BMF: Unionsrechtskonforme Anwendung von § 50d Abs. 3 EStG

Mit Datum vom 04.04.2018 hat das Bundesministerium der Finanzen ein Schreiben hinsichtlich der unionsrechtkonformen Auslegung des § 50d Abs. 3 EStG veröffentlicht. Das Schreiben nimmt sowohl Stellung zum § 50d Abs. 3 EStG a.F. als auch zum aktuell gültigen § 50d Abs. 3 EStG.

Hintergrund

Der EuGH hat mit Urteil vom 20.12.2017 in den beiden verbundenen Verfahren C-504/16 (Deister Holding) und C-613/16 (Juhler Holding) bestätigt, dass die deutsche bis einschließlich 2011 anwendbare Missbrauchsvorschrift in § 50d Abs. 3 EStG a.F. (Ausschluss der völligen oder teilweisen Erstattung von Kapitalertragsteuer an bestimmte „zwischengeschaltete“ ausländische Gesellschaften) sowohl gegen die Mutter-Tochter-Richtlinie als auch gegen die Niederlassungsfreiheit verstößt.

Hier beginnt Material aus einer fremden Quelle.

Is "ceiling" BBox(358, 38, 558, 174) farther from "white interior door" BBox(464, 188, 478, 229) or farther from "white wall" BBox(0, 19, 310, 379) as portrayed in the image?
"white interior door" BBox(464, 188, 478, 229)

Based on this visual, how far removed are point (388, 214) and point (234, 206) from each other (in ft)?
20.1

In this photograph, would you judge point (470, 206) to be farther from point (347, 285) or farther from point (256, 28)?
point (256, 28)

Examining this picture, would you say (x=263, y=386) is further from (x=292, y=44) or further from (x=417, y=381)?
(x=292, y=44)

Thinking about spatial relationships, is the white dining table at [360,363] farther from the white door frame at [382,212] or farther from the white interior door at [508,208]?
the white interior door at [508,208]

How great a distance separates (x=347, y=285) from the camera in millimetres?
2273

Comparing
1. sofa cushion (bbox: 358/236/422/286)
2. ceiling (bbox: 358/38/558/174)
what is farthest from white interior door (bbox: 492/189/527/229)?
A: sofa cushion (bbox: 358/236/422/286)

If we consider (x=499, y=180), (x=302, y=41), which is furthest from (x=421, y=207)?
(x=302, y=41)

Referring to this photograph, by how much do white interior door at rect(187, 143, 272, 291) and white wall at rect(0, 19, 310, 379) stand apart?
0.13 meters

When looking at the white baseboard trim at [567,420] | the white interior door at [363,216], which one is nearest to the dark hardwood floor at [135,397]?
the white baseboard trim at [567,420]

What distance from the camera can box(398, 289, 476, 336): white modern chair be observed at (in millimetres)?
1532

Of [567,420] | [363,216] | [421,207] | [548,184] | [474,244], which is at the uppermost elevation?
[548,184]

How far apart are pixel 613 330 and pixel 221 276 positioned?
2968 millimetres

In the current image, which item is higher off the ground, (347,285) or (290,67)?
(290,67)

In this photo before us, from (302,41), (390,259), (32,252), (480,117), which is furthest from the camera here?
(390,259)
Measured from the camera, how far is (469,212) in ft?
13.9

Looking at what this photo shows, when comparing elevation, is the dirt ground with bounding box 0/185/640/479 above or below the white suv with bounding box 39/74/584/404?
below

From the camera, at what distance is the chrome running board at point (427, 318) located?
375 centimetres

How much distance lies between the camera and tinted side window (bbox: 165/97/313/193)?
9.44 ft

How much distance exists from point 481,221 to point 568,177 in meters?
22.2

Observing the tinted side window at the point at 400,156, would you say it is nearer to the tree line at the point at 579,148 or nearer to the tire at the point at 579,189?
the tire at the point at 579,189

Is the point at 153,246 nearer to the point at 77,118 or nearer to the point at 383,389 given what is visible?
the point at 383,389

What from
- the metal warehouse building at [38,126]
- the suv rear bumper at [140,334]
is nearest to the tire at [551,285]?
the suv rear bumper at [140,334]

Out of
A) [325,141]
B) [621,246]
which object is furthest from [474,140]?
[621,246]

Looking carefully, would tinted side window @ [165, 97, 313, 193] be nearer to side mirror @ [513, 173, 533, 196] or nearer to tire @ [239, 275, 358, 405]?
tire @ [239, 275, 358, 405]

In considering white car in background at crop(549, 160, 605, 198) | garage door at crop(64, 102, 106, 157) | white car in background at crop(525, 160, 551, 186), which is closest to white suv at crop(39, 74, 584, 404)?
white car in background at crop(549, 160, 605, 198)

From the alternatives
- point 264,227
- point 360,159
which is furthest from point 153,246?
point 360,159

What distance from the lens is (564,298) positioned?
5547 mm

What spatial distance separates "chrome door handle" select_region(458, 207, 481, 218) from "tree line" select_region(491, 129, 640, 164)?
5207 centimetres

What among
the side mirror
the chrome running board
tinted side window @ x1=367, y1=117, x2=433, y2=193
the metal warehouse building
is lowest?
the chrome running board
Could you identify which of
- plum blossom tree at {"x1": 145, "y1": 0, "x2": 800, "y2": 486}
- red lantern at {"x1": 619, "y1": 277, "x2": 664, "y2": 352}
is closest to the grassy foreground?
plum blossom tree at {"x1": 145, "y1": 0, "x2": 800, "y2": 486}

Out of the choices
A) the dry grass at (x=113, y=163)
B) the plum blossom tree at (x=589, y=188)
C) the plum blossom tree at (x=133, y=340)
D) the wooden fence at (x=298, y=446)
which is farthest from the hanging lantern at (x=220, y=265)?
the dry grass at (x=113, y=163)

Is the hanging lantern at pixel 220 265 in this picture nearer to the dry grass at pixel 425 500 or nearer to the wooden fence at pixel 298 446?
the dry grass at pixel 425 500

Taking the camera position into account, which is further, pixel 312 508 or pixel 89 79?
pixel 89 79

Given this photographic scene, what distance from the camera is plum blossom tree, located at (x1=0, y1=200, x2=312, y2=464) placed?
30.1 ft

Nach der aktuellen seit 2012 geltenden Regelung des § 50d Abs. 3 EStG kommt es zu einer quotalen Versagung der Entlastung, soweit sog. „schädliche“ Erträge vorliegen. Auch bzgl. dieser mit Wirkung zum 01.01.2012 etwas entschärften Regelung hat das FG Köln europarechtliche Bedenken und hat § 50d Abs. 3 EStG 2012 ebenfalls dem EuGH vorgelegt (Beschluss vom 17.05.2017, 2 K 773/16, beim EuGH abhängig: C-440/17).

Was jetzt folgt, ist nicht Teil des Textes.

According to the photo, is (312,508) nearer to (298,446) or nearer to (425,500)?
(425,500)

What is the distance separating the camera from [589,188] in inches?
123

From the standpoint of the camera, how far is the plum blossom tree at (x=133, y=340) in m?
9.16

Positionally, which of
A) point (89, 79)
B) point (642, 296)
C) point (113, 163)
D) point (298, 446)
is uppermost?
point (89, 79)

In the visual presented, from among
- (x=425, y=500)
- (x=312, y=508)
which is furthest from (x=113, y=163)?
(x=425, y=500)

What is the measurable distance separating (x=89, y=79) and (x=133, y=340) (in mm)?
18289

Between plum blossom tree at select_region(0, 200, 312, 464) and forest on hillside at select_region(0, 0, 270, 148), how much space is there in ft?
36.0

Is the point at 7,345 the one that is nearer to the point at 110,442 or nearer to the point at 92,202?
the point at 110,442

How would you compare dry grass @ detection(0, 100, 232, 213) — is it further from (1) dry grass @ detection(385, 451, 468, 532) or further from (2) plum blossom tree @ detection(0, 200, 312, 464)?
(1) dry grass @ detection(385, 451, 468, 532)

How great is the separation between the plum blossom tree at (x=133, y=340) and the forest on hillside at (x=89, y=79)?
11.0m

Mit Schreiben vom 04.04.2018 hat sich nun das BMF zur Entlastung vom Steuerabzug vom Kapitalertrag bei ausländischen Gesellschaften geäußert. Es nimmt sowohl Stellung zu der unionsrechtswidrigen bis einschließlich 2011 geltenden deutschen Treaty-Shopping-Regelung des § 50d Abs. 3 EStG a.F. als auch zur aktuell geltenden Gesetzesfassung des § 50d Abs. 3 EStG.

Verwaltungsanweisung

Aufgrund der Bindungswirkung des EuGH-Urteils vom 20.12.2017 soll dem BMF-Schreiben zufolge 50d Abs. 3 EStG a.F. in den Fällen, in denen der Gläubiger der Kapitalerträge einen Anspruch auf Entlastung nach § 43b EStG geltend macht, nicht mehr angewandt werden. Somit wird auch die Finanzverwaltung verpflichtet – soweit Ansprüche noch verfahrensrechtlich geltend gemacht werden können bzw. entsprechende Anträge noch offen gehalten wurden – einem Erstattungsanspruch den § 50d Abs. 3 EStG 2007 nicht mehr entgegenzuhalten.

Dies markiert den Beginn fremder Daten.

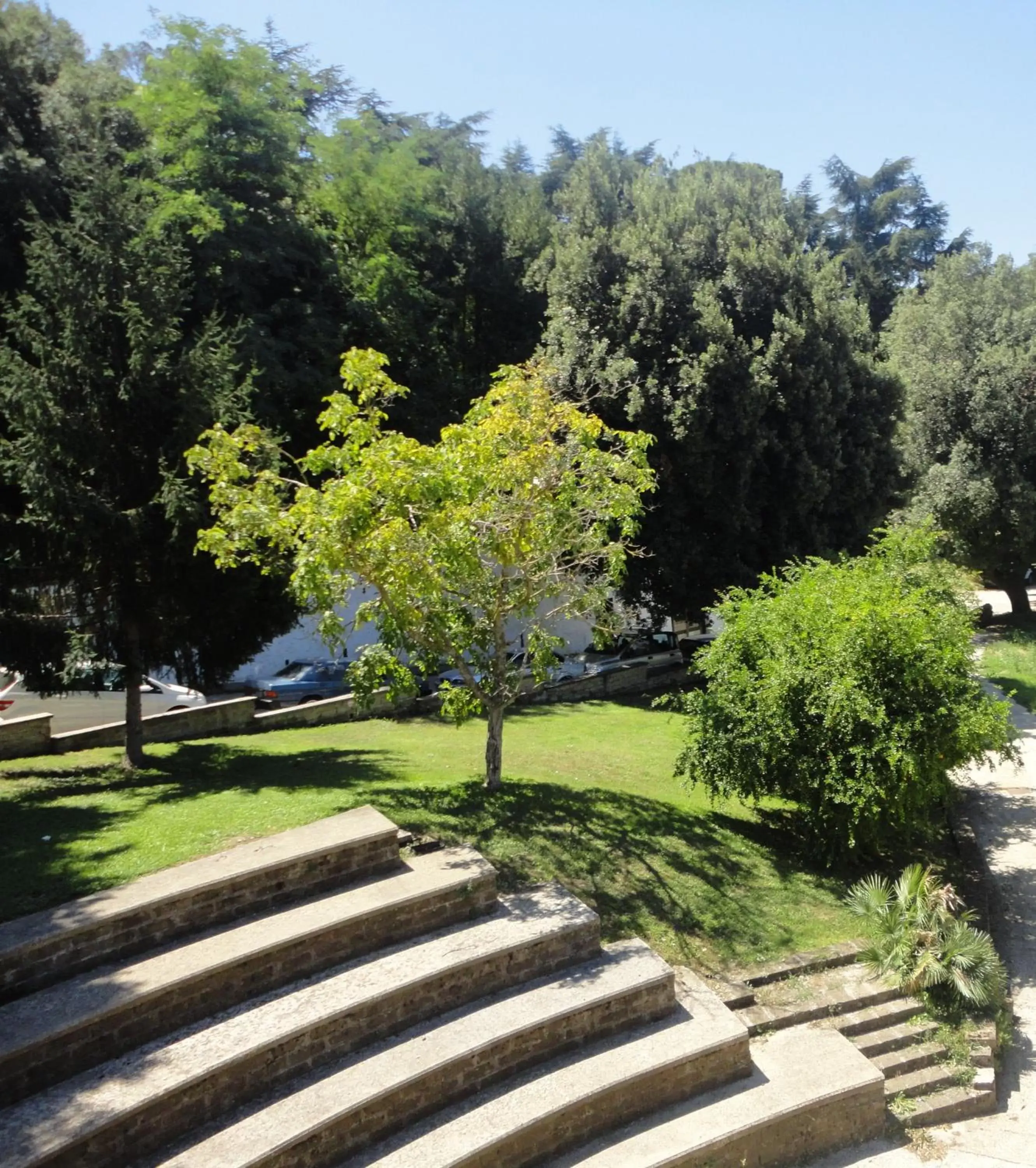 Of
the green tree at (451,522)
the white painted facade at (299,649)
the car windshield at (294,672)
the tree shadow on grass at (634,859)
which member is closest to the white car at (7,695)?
the car windshield at (294,672)

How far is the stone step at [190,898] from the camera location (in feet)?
22.7

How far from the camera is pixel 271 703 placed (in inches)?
830

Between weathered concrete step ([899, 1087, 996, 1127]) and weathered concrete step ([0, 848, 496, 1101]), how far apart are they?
3.72 meters

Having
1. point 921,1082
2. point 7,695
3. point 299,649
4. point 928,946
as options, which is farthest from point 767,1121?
point 299,649

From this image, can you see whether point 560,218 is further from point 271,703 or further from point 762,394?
point 271,703

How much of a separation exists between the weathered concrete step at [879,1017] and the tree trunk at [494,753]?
4.46m

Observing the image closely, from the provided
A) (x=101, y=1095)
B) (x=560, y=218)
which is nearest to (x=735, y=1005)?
(x=101, y=1095)

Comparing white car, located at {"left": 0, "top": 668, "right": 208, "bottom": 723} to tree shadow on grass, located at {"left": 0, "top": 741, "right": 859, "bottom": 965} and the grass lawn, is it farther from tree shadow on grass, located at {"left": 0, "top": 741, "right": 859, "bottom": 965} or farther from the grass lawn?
tree shadow on grass, located at {"left": 0, "top": 741, "right": 859, "bottom": 965}

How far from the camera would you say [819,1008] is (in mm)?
8359

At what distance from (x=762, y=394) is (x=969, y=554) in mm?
13575

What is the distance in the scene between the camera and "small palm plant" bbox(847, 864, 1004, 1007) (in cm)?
862

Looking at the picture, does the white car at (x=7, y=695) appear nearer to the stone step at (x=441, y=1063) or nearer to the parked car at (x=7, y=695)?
the parked car at (x=7, y=695)

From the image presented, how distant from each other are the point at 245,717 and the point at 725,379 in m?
11.7

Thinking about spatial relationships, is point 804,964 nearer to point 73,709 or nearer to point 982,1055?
point 982,1055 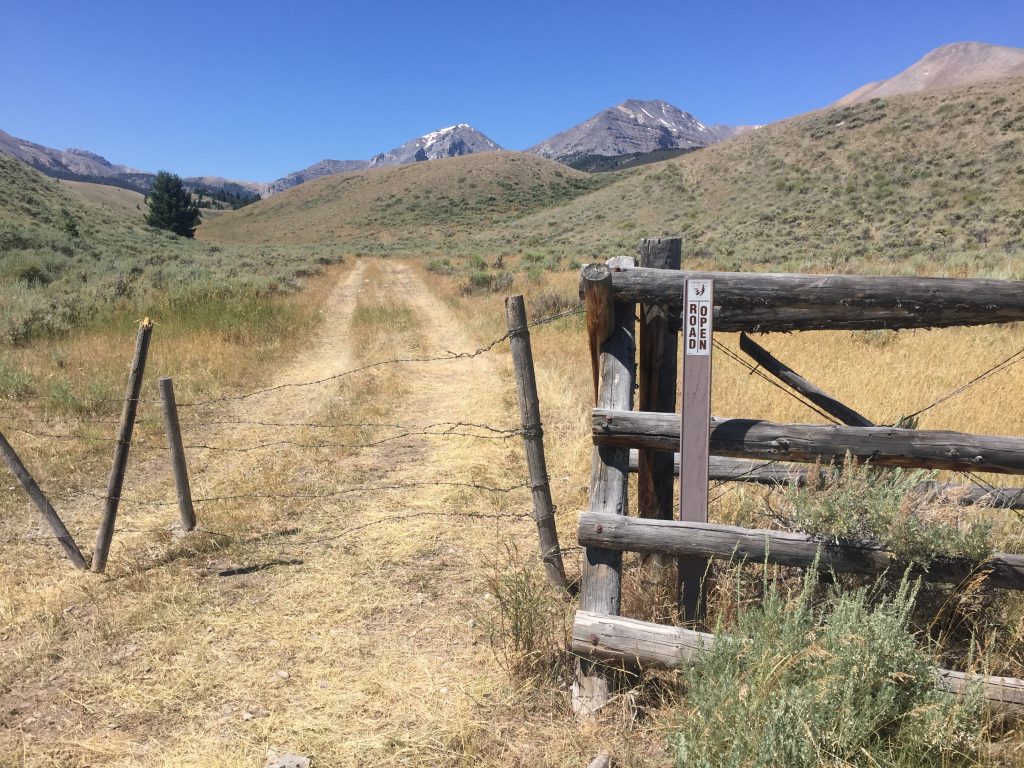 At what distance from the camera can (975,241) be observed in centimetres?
2203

Die Auslegung des Unionsrechts durch den EuGH überträgt das BMF auch auf die aktuelle seit 2012 geltende Regelung des § 50d Abs. 3 EStG, soweit diese mit der alten Fassung übereinstimmt. Dementsprechend kommt das BMF zu dem Schluss, dass § 50d Abs. 3 S. 2 EStG (Merkmalsübertragung im Konzern), nicht mehr anzuwenden ist (im Einzelfall können dennoch wirtschaftliche oder sonst beachtliche Gründe fehlen).

Neben der Nichtanwendung des § 50d Abs. 3 S. 2 EStG passt das BMF auch seine Auffassung zu den Voraussetzungen des § 50d Abs. 3 S. 1 Nr. 2 EStG im Schreiben vom 24.01.2012 an:

  • Eine Teilnahme am allgemeinen wirtschaftlichen Verkehr i.S.d § 50d Abs. 3 S. 1 Nr. 2 EStG kann auch bei Verwaltung von Wirtschaftsgütern vorliegen; dafür müssen bei passiver Beteiligungsverwaltung (Tz. 5.2 des BMF-Schreibens 2012) zumindest die Rechte als Gesellschafterin tatsächlich ausgeübt werden.
  • Ein angemessen eingerichteter Geschäftsbetrieb i.S.d § 50d Abs. 3 S. 1 Nr. 2 EStG setzt nicht zwingend die ständige Beschäftigung geschäftsleitenden und anderen Personals voraus.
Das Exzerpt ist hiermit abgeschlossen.